SOURCE MATERIAL:
┄┄┄┄┄┄┄┄┄┄

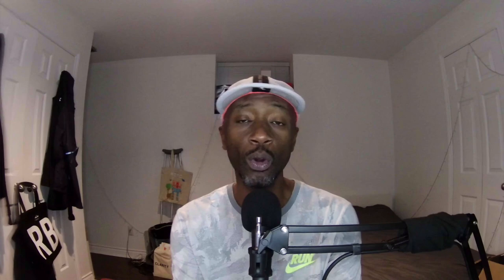Well, to discuss this ravishing raster format, we have a great guest, a longtime member of Image Intelligentsia, author of the compression tool ImageOptim, and currently an engineer at Cloudflare. Please welcome Cornel Luziski. Enjoy. Stage is yours.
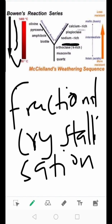Bowen's Reaction Series is further described in terms of fractional crystallization. That is to say, if the early-forming minerals were to be removed from the system — for instance, the calcium-rich plagioclase — they are denied the opportunity to react with the melt to form sodium-rich plagioclase. In that case, the liquid composition will evolve and can eventually form a rhyolite liquid.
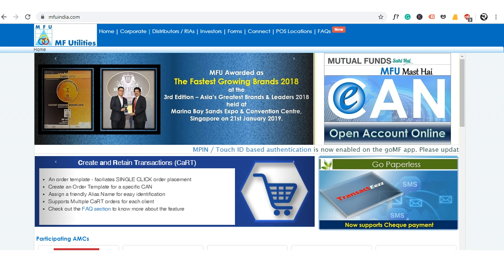Hi everybody, welcome to RajTech India. In this video we will learn about how to create a user ID and password to login in mfuonline.com. MFU Utilities, or MFU India, is one of the best platforms to buy mutual funds of various AMCs at one place.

┄┄┄┄┄┄┄┄┄┄

GOAL OF THE EXERCISE: Print, exactly and only, the lines running from the line with "Bowen's Reaction Series" through the last line of the data, including both. Skip any picture.

ANSWER BOX:
Bowen's Reaction Series is further described in terms of fractional crystallization. That is to say, if the early-forming minerals were to be removed from the system — for instance, the calcium-rich plagioclase — they are denied the opportunity to react with the melt to form sodium-rich plagioclase. In that case, the liquid composition will evolve and can eventually form a rhyolite liquid.
Hi everybody, welcome to RajTech India. In this video we will learn about how to create a user ID and password to login in mfuonline.com. MFU Utilities, or MFU India, is one of the best platforms to buy mutual funds of various AMCs at one place.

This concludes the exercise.